Deploying Sourcegraph executors using Terraform on AWS or GCP

Terraform modules are provided to provision machines running executors on AWS and Google Cloud.

Basic Definition

The following is the minimum required definition to deploy an executor.

TERRAFORM
module "executors" {
  source = "sourcegraph/executors/<aws | google>"

  # Find the latest version matching your Sourcegraph version here:
  # - https://github.com/sourcegraph/terraform-google-executors/tags
  # - https://github.com/sourcegraph/terraform-aws-executors/tags
  version = "<version>"

  # AWS specific
  availability_zone = "<availability zone to provision resource in AWS>"
  # Google specific
  region            = "<region to provision in GCP>"
  zone              = "<zone to provision resource in GCP>"

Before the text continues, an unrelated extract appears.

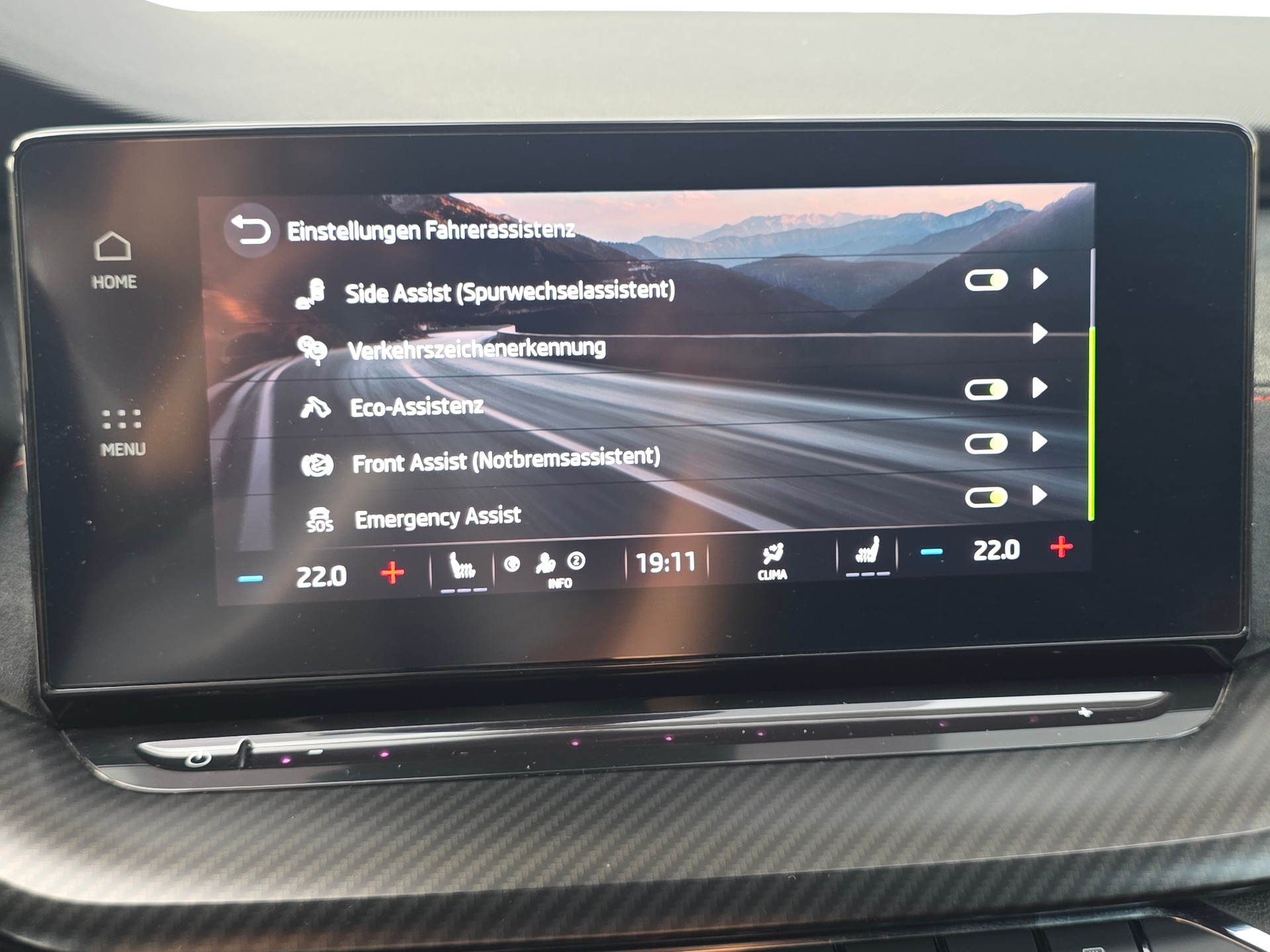 SKODA Octavia Combi 2.0 TDI DSG RS 4x4 ** EL.ANHÄNGERKUPPLUNG - CANTON SOUND SYS. -KEYLESS -ASSIS.-PAKET PLUS -ADAPTIVE LED**-image-24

  executor_sourcegraph_external_url            = "<external url>"
  executor_sourcegraph_executor_proxy_password = "<shared secret>"

  # Either:
  executor_queue_name                          = "<codeintel | batches>"
  # Or:
  executor_queue_names                         = "codeintel,batches"

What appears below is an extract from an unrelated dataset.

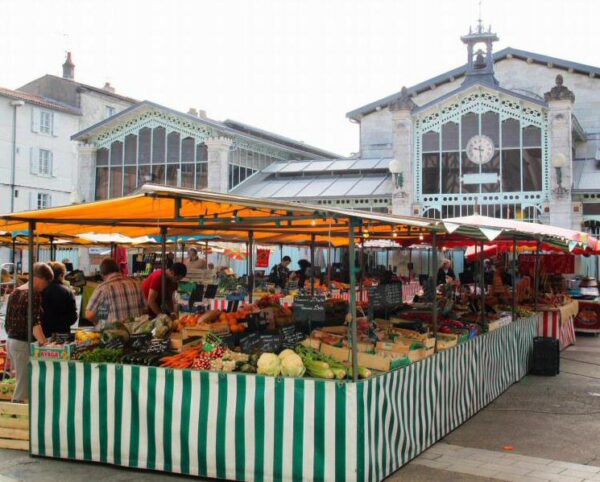 Mercado de La Rochelle al oeste de Francia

  executor_instance_tag                        = "<tag to filter in stackdriver monitoring>"
  executor_metrics_environment_label           = "<label to filter custom metrics>"
}

Variable	Description
`availability_zone`	The AWS availability zone to create the instance in
`region`	The Google region to provision the executor resources in.
`zone`	The Google zone to provision the executor resources in.
`executor_sourcegraph_external_url`	The public URL of your Sourcegraph instance. This corresponds to the `externalURL` value in your Sourcegraph instance’s site configuration and must be resolvable from the provisioned executor compute resources.
`executor_sourcegraph_executor_proxy_password`	The access token corresponding to the `executors.accessToken` in your Sourcegraph instance's site configuration.
`executor_queue_name`	The single queue from which the executor should pull jobs - `codeintel` or `batches`. Either this or `executor_queue_names` must be set.
`executor_queue_names`	The multiple queues from which the executor should pull jobs - one or more of `codeintel` and `batches`. Either this or `executor_queue_name` must be set.
`executor_instance_tag`	A label tag to add to all the executors; can be used for filtering out the right instances in stackdriver monitoring
`executor_metrics_environment_label`	The value for environment by which to filter the custom metrics.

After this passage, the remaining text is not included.